» DATASET
▼

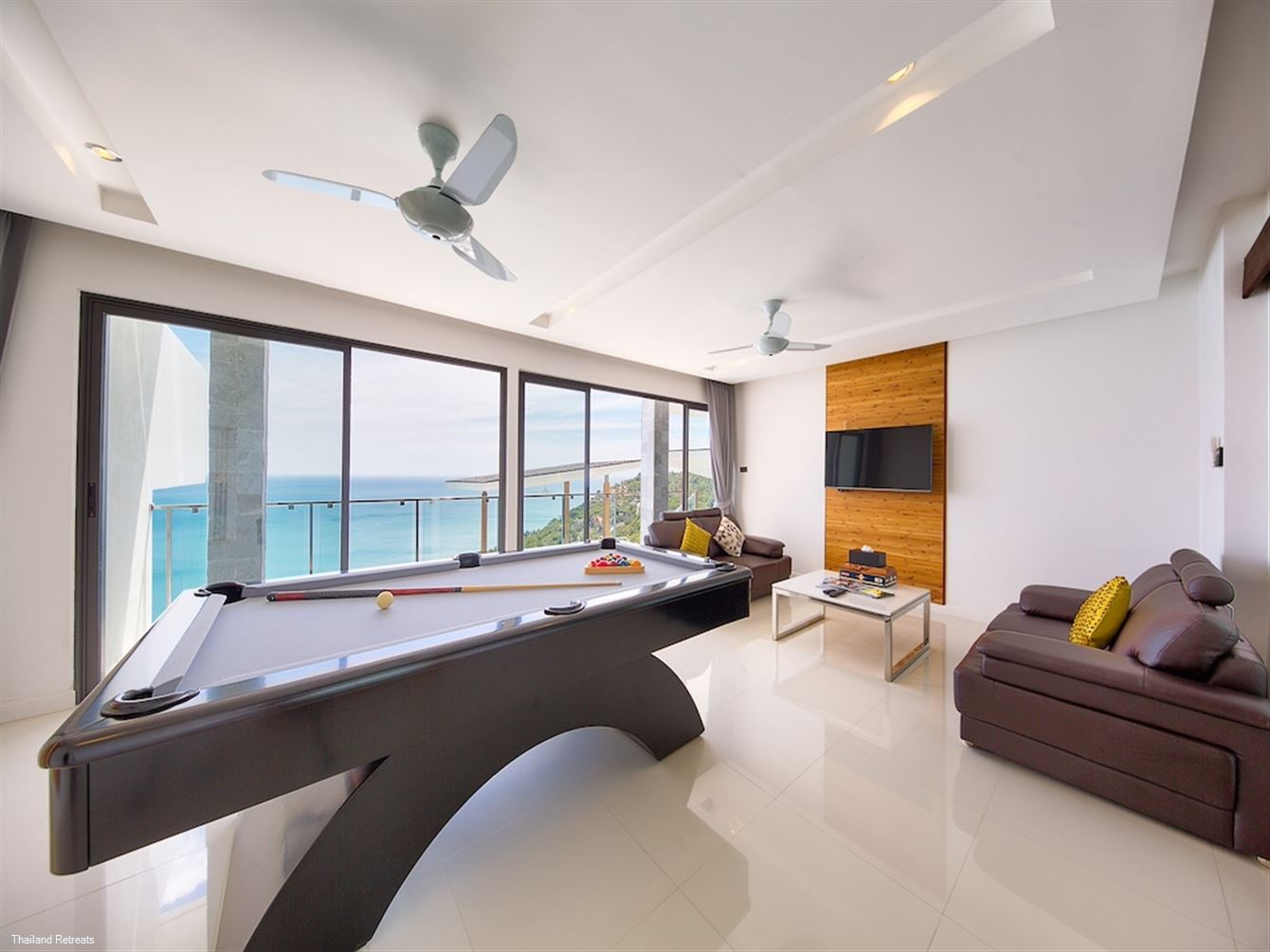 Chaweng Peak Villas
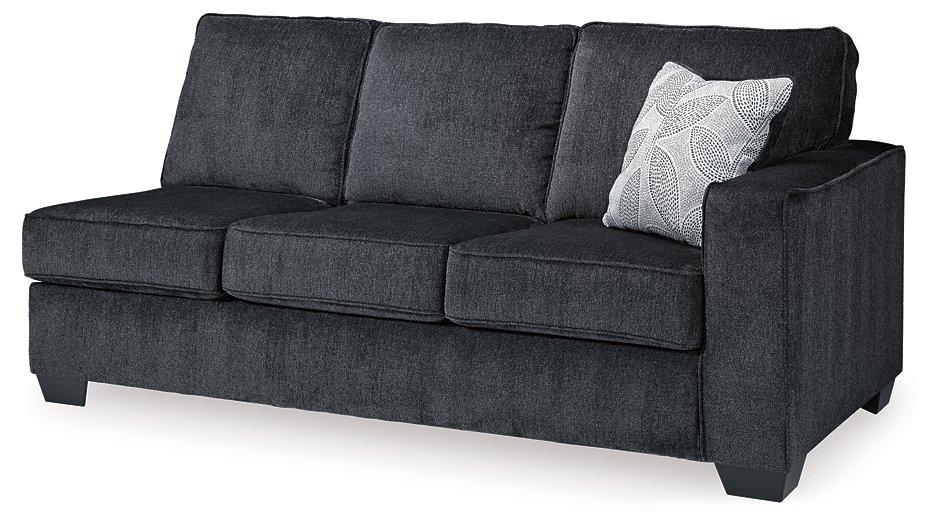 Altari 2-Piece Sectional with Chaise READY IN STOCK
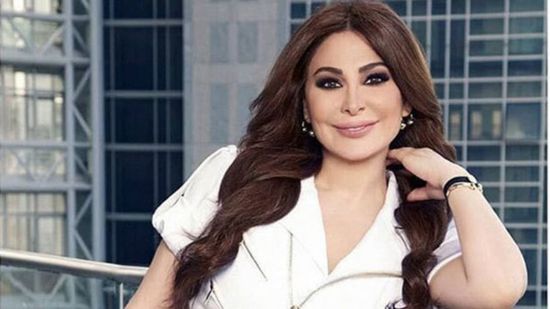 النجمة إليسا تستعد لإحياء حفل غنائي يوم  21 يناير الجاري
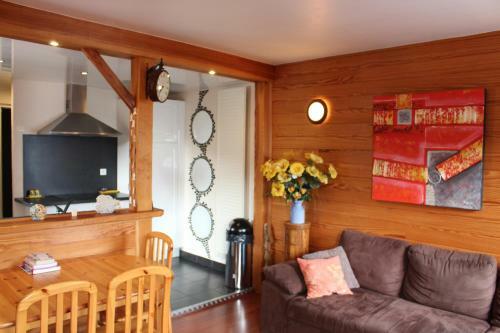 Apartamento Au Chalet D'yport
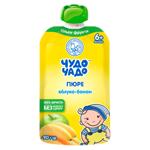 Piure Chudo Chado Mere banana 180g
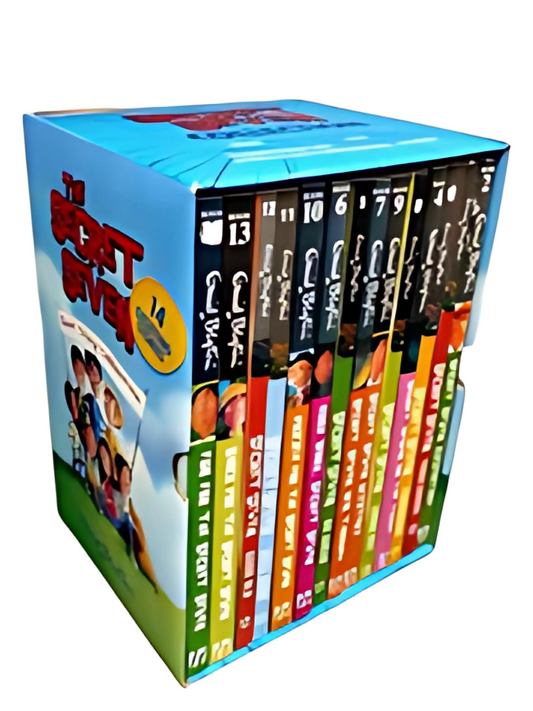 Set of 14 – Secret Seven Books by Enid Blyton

▲
▼

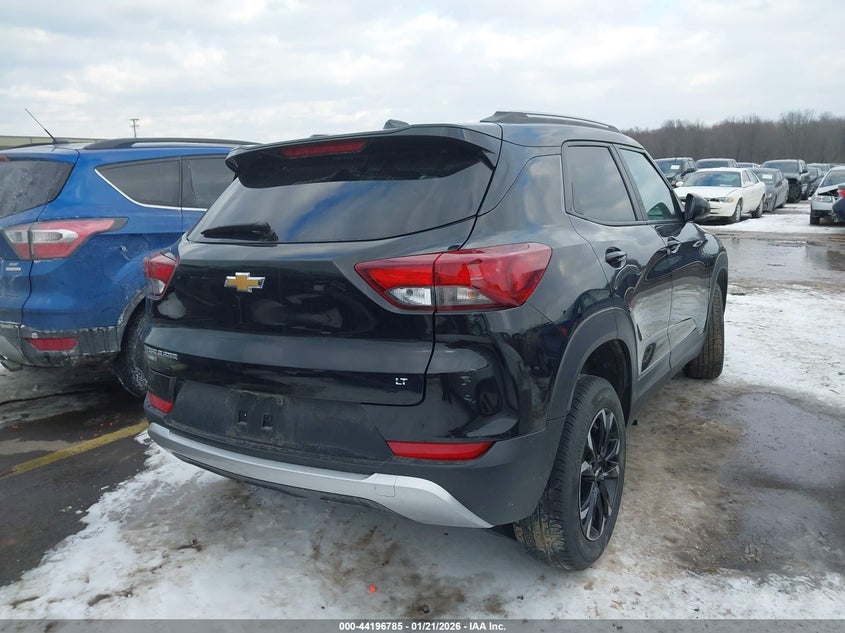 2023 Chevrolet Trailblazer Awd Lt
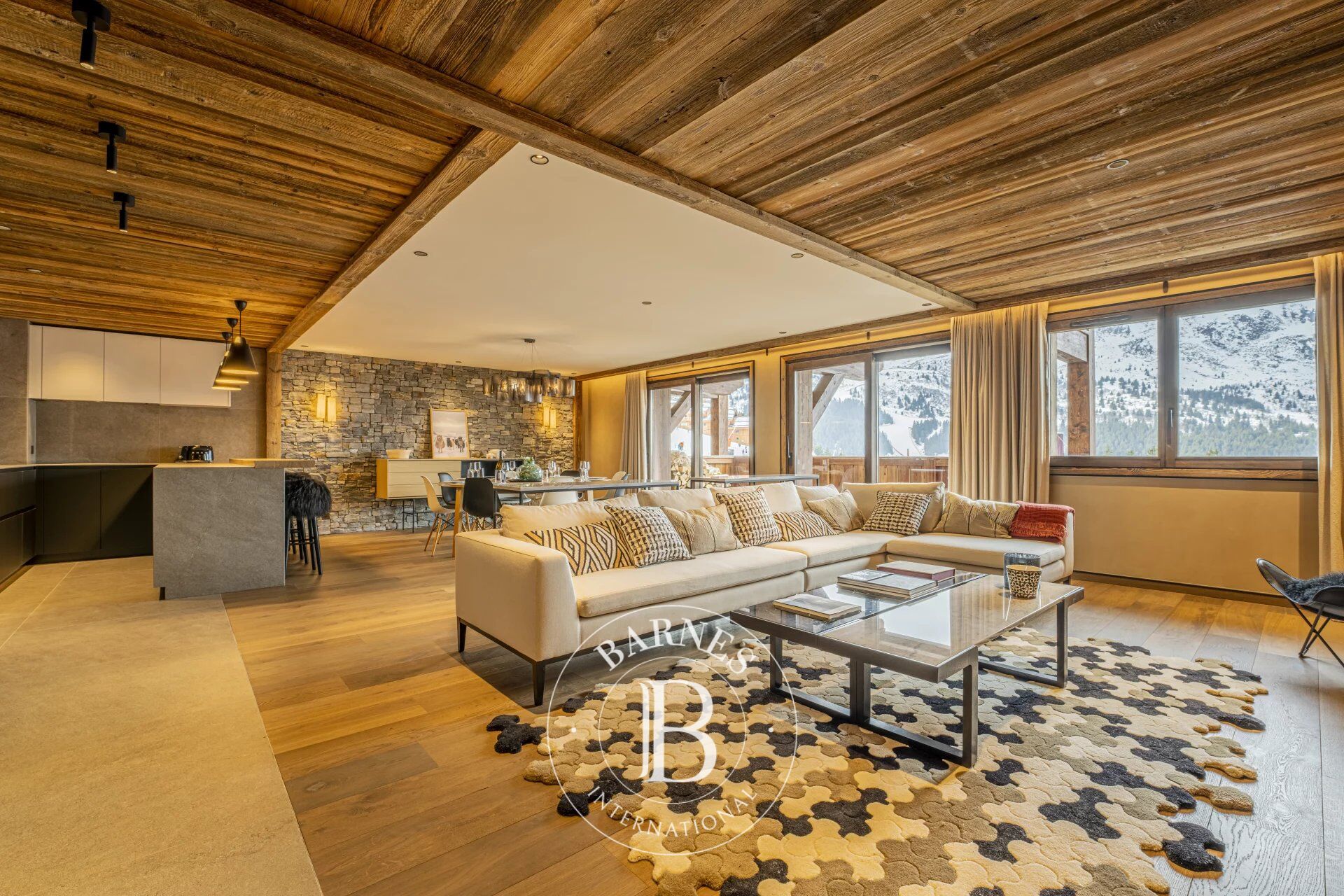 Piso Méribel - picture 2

▲
▼

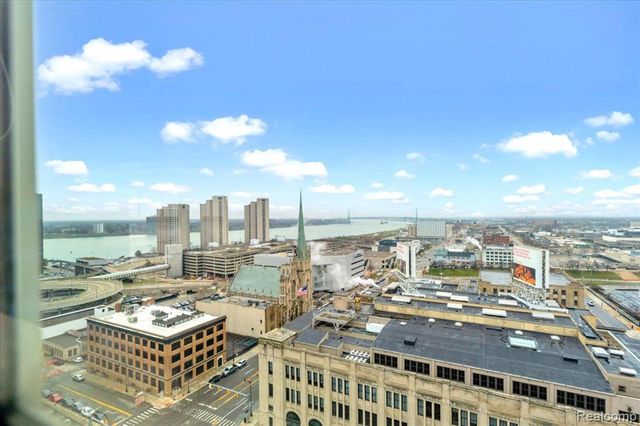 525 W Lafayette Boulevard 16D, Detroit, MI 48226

▲

» PROBLEM TO SOLVE
Among the lines above, the one with "2023 Chevrolet Trailblazer Awd Lt" opens the part to repeat and the one with "Piso Méribel - picture 2" closes it; repeat only that part exactly, with no pictures.

» SOLUTION
 2023 Chevrolet Trailblazer Awd Lt
 Piso Méribel - picture 2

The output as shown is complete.